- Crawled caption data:

····················

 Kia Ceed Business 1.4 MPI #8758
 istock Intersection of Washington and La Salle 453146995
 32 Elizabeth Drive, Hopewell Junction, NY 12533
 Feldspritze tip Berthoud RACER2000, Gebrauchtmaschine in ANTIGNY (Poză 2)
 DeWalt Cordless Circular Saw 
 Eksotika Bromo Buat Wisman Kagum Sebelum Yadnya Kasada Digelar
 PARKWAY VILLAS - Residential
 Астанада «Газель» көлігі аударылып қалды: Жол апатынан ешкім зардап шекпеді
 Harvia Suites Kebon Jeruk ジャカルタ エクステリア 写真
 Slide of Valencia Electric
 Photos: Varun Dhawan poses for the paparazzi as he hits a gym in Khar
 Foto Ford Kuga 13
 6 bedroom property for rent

····················

- TASK BRIEF:
Set down the line that contains "DeWalt Cordless Circular Saw" exactly. Do the same for each later line of the data, through the end, and add nothing.

- ANSWER SECTION:
 DeWalt Cordless Circular Saw 
 Eksotika Bromo Buat Wisman Kagum Sebelum Yadnya Kasada Digelar
 PARKWAY VILLAS - Residential
 Астанада «Газель» көлігі аударылып қалды: Жол апатынан ешкім зардап шекпеді
 Harvia Suites Kebon Jeruk ジャカルタ エクステリア 写真
 Slide of Valencia Electric
 Photos: Varun Dhawan poses for the paparazzi as he hits a gym in Khar
 Foto Ford Kuga 13
 6 bedroom property for rent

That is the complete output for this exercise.